Expand description

Summary

We are adding a blocking API for OpenDAL.

Motivation

Blocking API is the most requested feature inside the OpenDAL community: Opendal support sync read/write API

Our users want blocking API for:

  • Higher performance for local IO
  • Using OpenDAL in a non-async environment

However, supporting sync and async API in current Rust is a painful job, especially for an IO library like OpenDAL. For example:

impl Object {
    pub async fn reader(&self) -> Result<impl BytesRead> {}
}

Supporting blocking API doesn’t mean removing the async from the function. We should also handle the returning Reader:

impl Object {
    pub fn reader(&self) -> Result<impl Read> {}
}

Until now, I still don’t know how to handle them correctly. But we need to have a start: not perfect, but enough for our users to have a try.

So this RFC is an experiment try to introduce blocking API support. I expect the OpenDAL community will evaluate those APIs and keep improving them. And finally, we will pick up the best one for stabilizing.

Guide-level explanation

With this RFC, we can call blocking API with the blocking_ prefix:

fn main() -> Result<()> {
    // Init Operator
    let op = Operator::from_env(Scheme::Fs)?;

    // Create object handler.
    let o = op.object("test_file");

    // Write data info object;
    o.blocking_write("Hello, World!")?;

    // Read data from object;
    let bs = o.blocking_read()?;

    // Read range from the object;
    let bs = o.blocking_range_read(1..=11)?;

    // Get the object's path
    let name = o.name();
    let path = o.path();

    // Fetch more meta about the object.
    let meta = o.blocking_metadata()?;
    let mode = meta.mode();
    let length = meta.content_length();
    let content_md5 = meta.content_md5();
    let etag = meta.etag();

    // Delete object.
    o.blocking_delete()?;

    // List dir object.
    let o = op.object("test_dir/");
    let mut ds = o.blocking_list()?;
    while let Some(entry) = ds.try_next()? {
        let path = entry.path();
        let mode = entry.mode();
    }

    Ok(())
}

All async public APIs of Object and Operator will have a sync version with blocking_ prefix. And they will share precisely the same semantics.

The differences are:

  • They will be executed and blocked on the current thread.
  • Input and output’s Reader will become the blocking version like std::io::Read.
  • Output’s DirStreamer will become the blocking version like Iterator.

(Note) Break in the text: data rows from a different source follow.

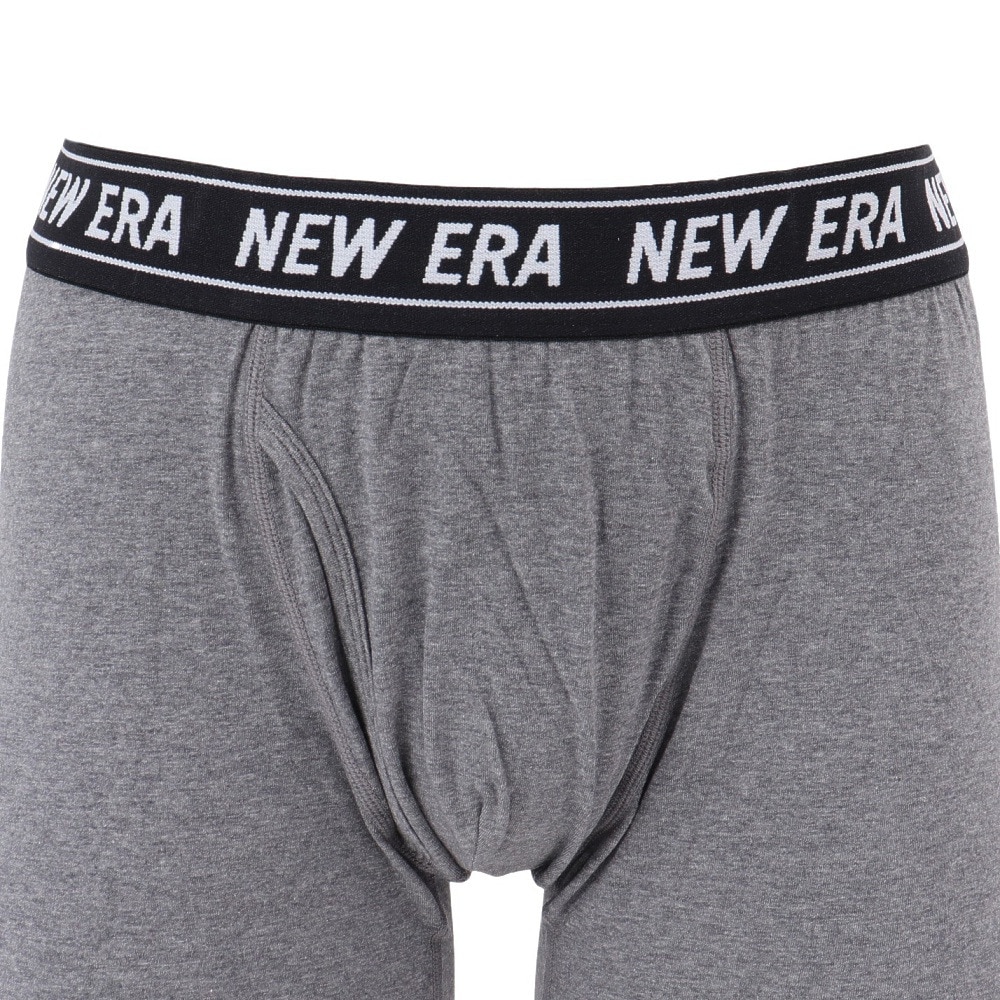 ニューエラ（NEW ERA）（メンズ）パンツ ボクサーパンツ ロング チャコールグレー M-LLサイズ CHA 14518220 新調 新生活 衣替え 前開き仕様 ロゴ入り 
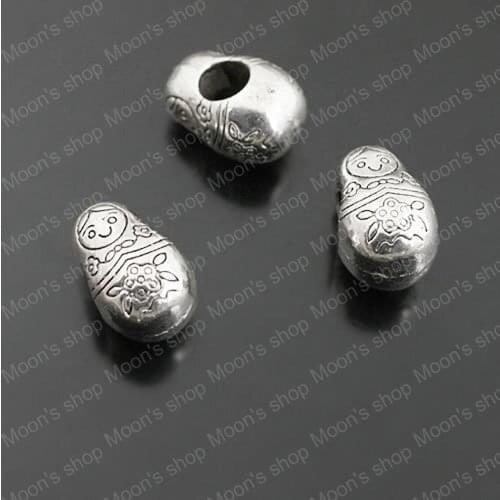 Wholesale 13*8mm Antique Silver color Russian Doll Alloy Large hole beads Bracelets Accessories 30 pcs(JM3572)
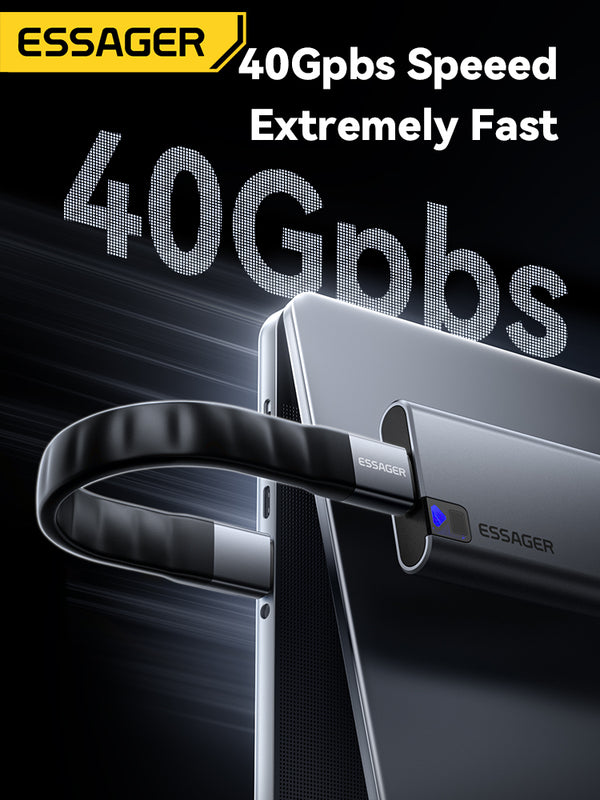 ESSAGER 240W USB4.0 Cable – Fast Charge, Data & 8K Video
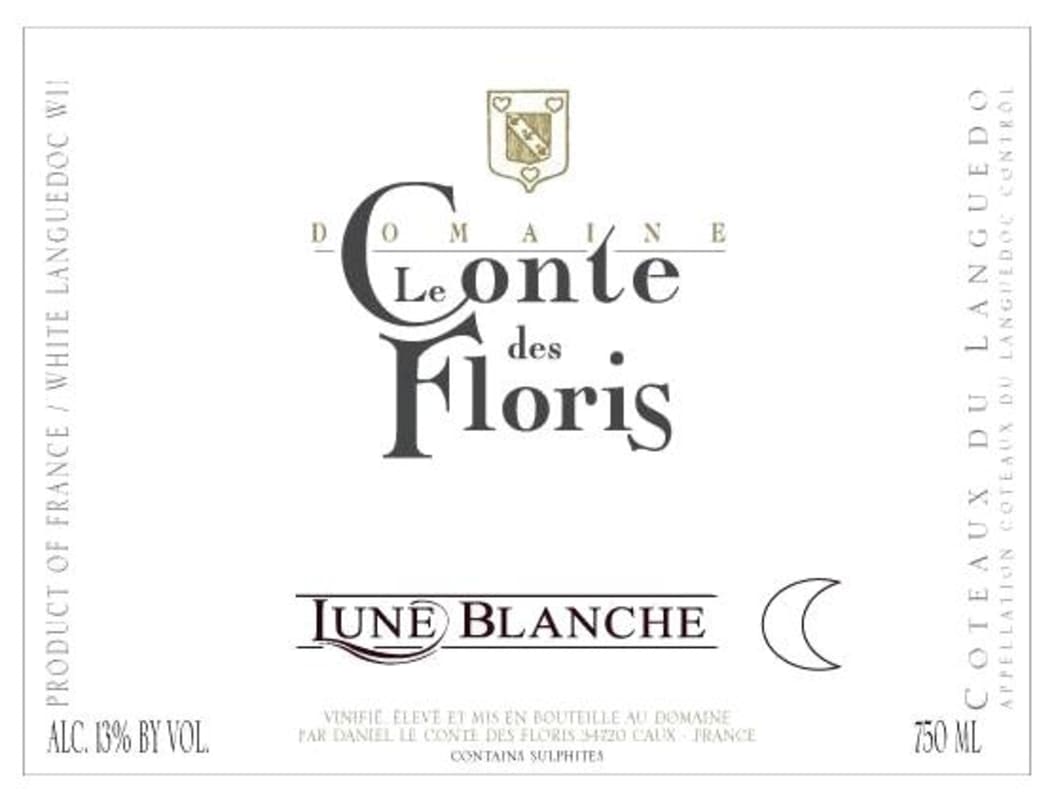 Domaine de Conte de Floris Coteaux du Languedoc Lune Blanche 2014 Front Label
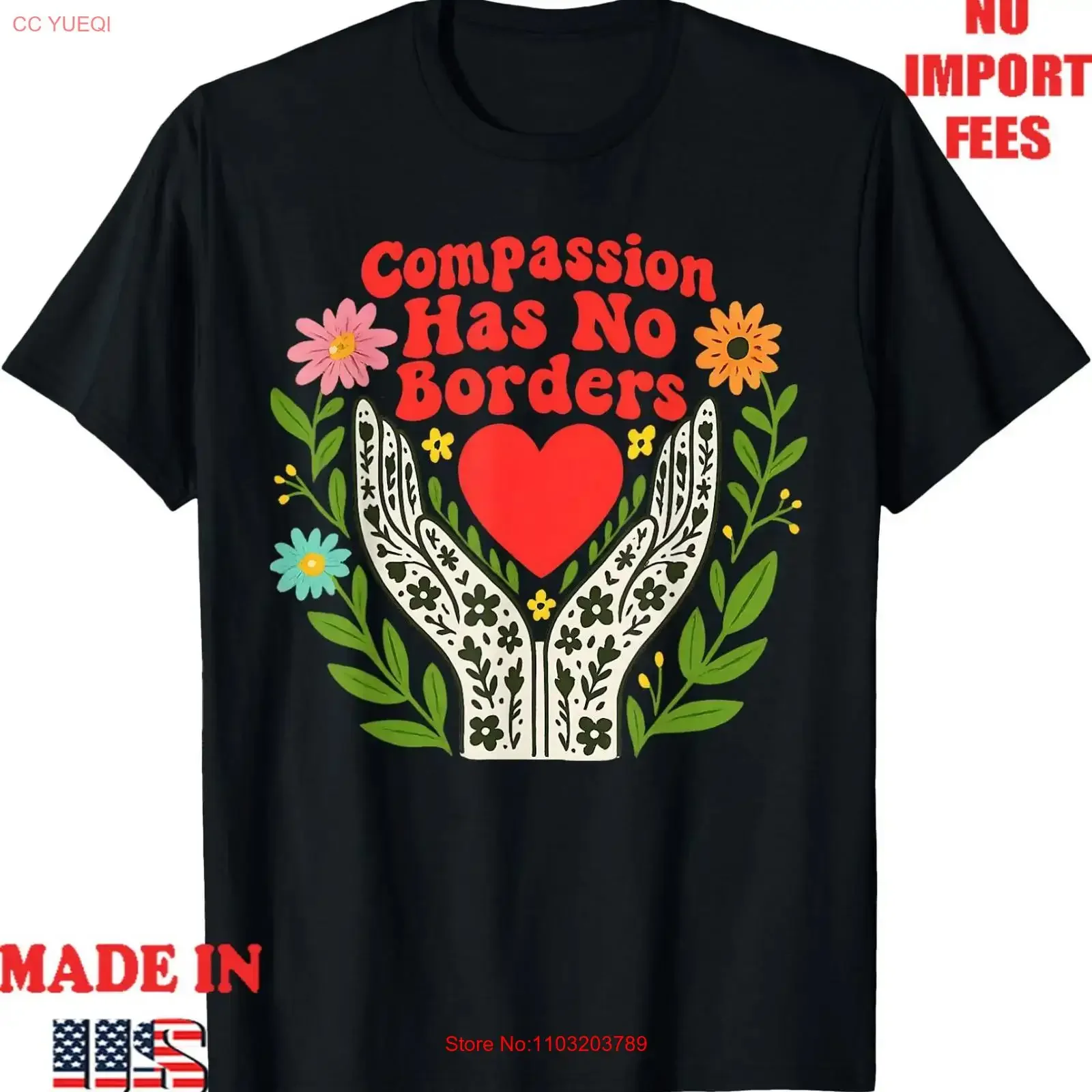 T-shirt Compassion Has No Borders pour adultes et enfants, vintage, délavé, unisexe, polyvalent, pour un usage quotidien, vêtements de créateur élégants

Thanks to RFC-0501: New Builder, all our builder-related APIs have been transformed into blocking APIs, so we don’t change our initiation logic.

Reference-level explanation

Under the hood, we will add the following APIs in Accessor:

trait Accessor {
    fn blocking_create(&self, args: &OpCreate) -> Result<()>;
    
    fn blocking_read(&self, args: &OpRead) -> Result<BlockingBytesReader>;
    
    fn blocking_write(&self, args: &OpWrite, r: BlockingBytesReader) -> Result<u64>;
    
    fn blocking_stat(&self, args: &OpStat) -> Result<ObjectMetadata>;
    
    fn blocking_delete(&self, args: &OpDelete) -> Result<()>;
    
    fn blocking_list(&self, args: &OpList) -> Result<DirIterator>;
}

Notes:

  • BlockingBytesReader is a boxed std::io::Read.
  • All blocking operations are happening on the current thread.
  • Blocking operation is implemented natively, no futures::block_on.

Drawbacks

Two sets of APIs

This RFC will add a new set of APIs, adding complicity for OpenDAL.

And users may misuse them. For example: using blocking_read in an async context could block the entire thread.

Rationale and alternatives

Use features to switch async and sync

Some crates provide features to switch the async and sync versions of API.

In this way:

  • We can’t provide two kinds of API at the same time.
  • Users must decide to use async or sync at compile time.

Use blocking IO functions in local fs services

Can we use blocking IO functions in local fs services to implement Accessor’s asynchronous functions directly? What is the drawback of our current non-blocking API?

We can’t run blocking IO functions inside the async context. We need to let the local thread pool execute them and use mio to listen to the events. If we do so, congrats, we are building tokio::fs again!

Prior art

None

Unresolved questions

None

Future possibilities

None